Any intelligence that the OCR process requires resides with the software. In fact, OCR software is so sophisticated that it belongs to the domain of the artificial intelligence (“A.I.”). That’s because OCR imitates the human reading process.
OCR is a sub-field of pattern recognition. The biometric technologies that allow computers to recognize human voices, faces, fingerprints and retinae use pattern recognition as well, but make no mistake: these technologies are very different. (Fingerprint recognition is now so common it’s used to unlock your smartphone!) In the past, some companies were simultaneously involved in OCR and other types of pattern recognition, but generally speaking, OCR is now a specialty handled by companies that dedicate themselves exclusively to text recognition.
Pattern recognition has even found its way to your smartphone: think of mobile app Shazam that recognizes pop songs for you, PlantSnap and PictureThis which educate you about plant species you quickly photograph with your camera in the park etc..
Although the first research and development of OCR began more than 40 years ago in “Artificial Intelligence” labs and as popular as scanners may have become, this technology is still unknown to some people who could use it for their document entry applications…
The Intelligent Machine Corporation introduced the very first OCR software in 1959. Their system could read one font in one point size. Not surprisingly, it was a financial institution that made use of it: the system processed preprinted mortgage loan applications.
Multifont systems capable of several carefully selected fonts followed. These first systems were pretty slow, not all that accurate and in most cases limited to the recognition of special fonts (E13B, OCR-A and OCR-B) founds on checks. These fonts were actually custom-designed to be read by machines in the year 1966: E13B and OCR-A were the first “machine-readable” typefaces designed in the U.S.A., OCR-B was designed in Europe.
banking font E13B
banking font OCR-B
Unlike OCR-B, which looks more natural, the features of E13B and OCR-A were exaggerated to improve the recognition rate. Compare the digit ‘8’ of OCR-A with the uppercase letter “B”, for instance. Clearly distinct! Or compare the numeral ‘0’ with the “O”, the ‘1’ with the “l”, the ‘9’ with the “q”. Not much chance of confusing these similar characters, right?
banking font OCR-A
Remember that these font were designed to be read optically by the first, primitive OCR systems! Bad scans where the image is for instance too dark or too light, smudges on the document etc. can degrade the image quality greatly, and yet misreads had to be avoided as much as possible.
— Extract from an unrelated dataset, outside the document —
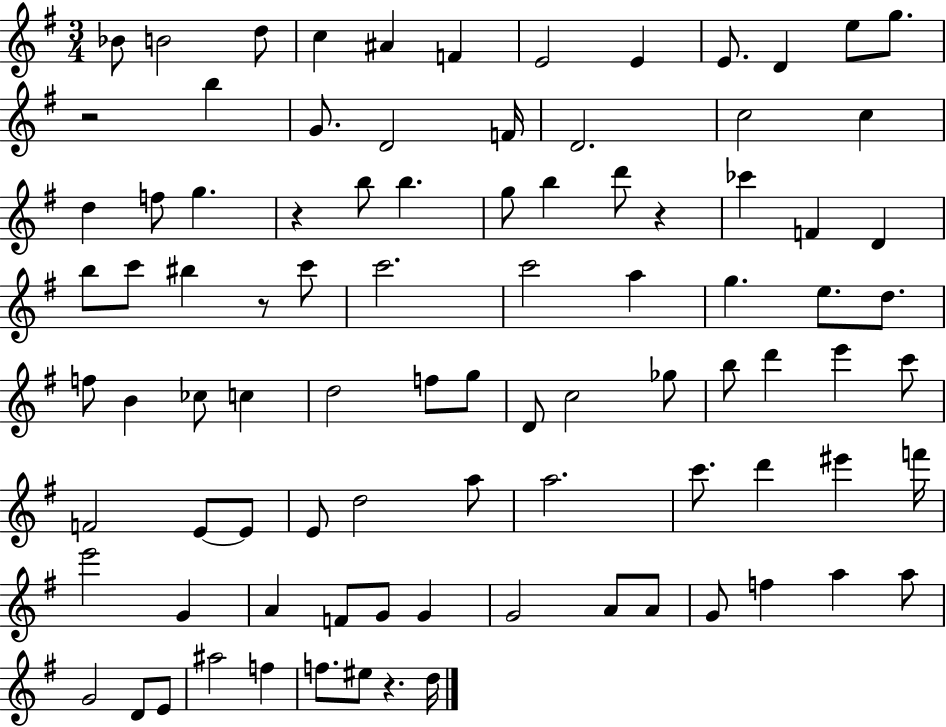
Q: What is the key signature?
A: G major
Because of their unusual, “digital” look, these fonts are sometimes used in magazines and advertising. More importantly, OCR-A for some funny reason always gets used in science-fiction movies — you’ll see it in, say, the lettering on the side of a spaceship —, in technological contexts on TV and the likes…
Those were the days when Frank Abagnale, the principal character of Steven Spielberg’s movie “Catch Me If You Can”, ripped off American banks for $2.5 million between the ages 16 and 21 by forging checks very realistically. (We’re talking greenbacks from the 60s here, not the inflated dollar of today!)
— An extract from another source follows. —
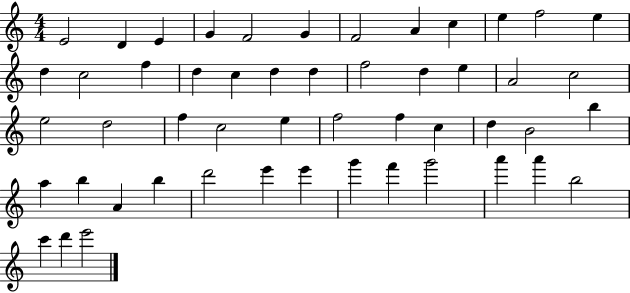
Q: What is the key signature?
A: C major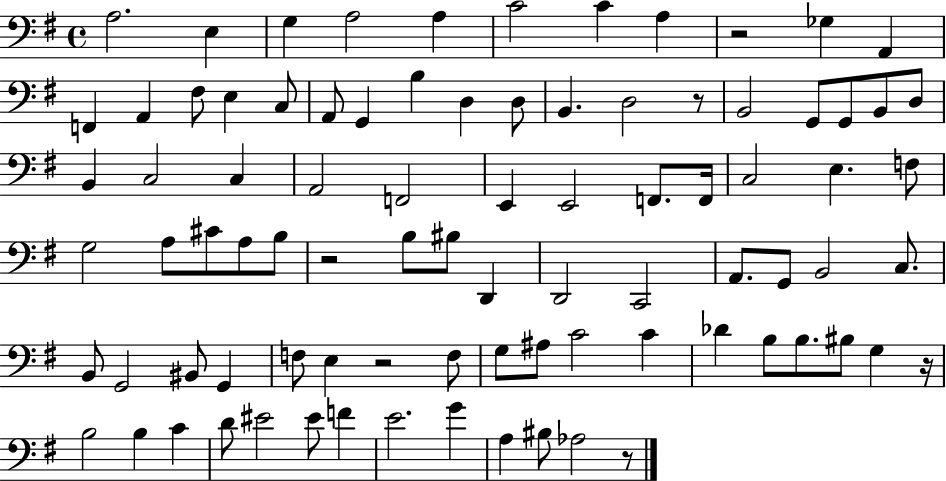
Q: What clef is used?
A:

To make the checks look realistic, he printed false data on them with his own MICR (“Magnetic Ink Character Recognition”) equipment. E13B is a “magnetic” typeface because magnetic readers, not optical scanners, are mostly used to recognize checks. The data on the check’s “codeline” is printed with special magnetic ink: the ink makes them legible to the bank teller, the magnetic particles in the ink are interpreted by the magnetic readers. (And as the movie tells us, magnetic ink has a particular smell: that’s because 50% of the ink is actually iron oxide — to me and you, that’s rust!)
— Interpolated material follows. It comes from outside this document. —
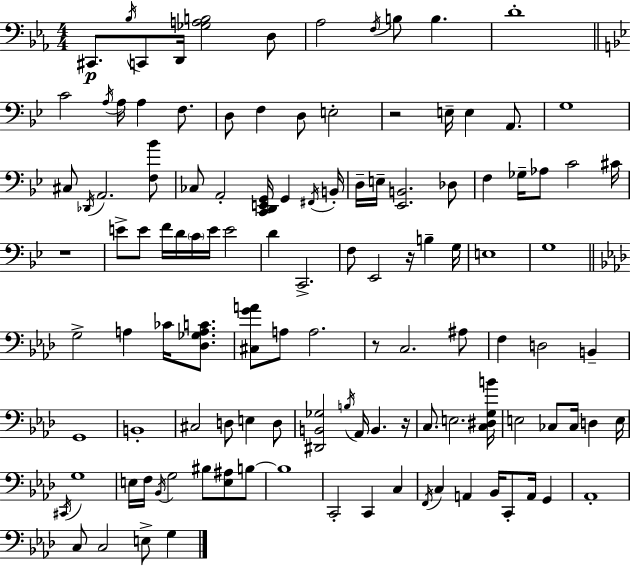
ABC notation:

The codeline indicates the amount of the check and which bank issued it. By manipulating the routing data on the codeline, each check Abagnale cashed got sent to the opposite corner of the U.S., which meant it took the American banking system about one week to find out the check was even false. Traveling fast, he was long gone by then…
Frank Abagnale also impersonated an airline pilot for Pan Am, a paediatrician in Georgia, a sociology professor in Utah and an assistant district attorney (D.A.) in New Orleans — he fabricated a Harvard law degree but genuinely passed the bar exam in Louisiana. And he acted as an F.B.I. agent several times to avoid his arrest and played a prison inspector to escape from an Atlanta prison.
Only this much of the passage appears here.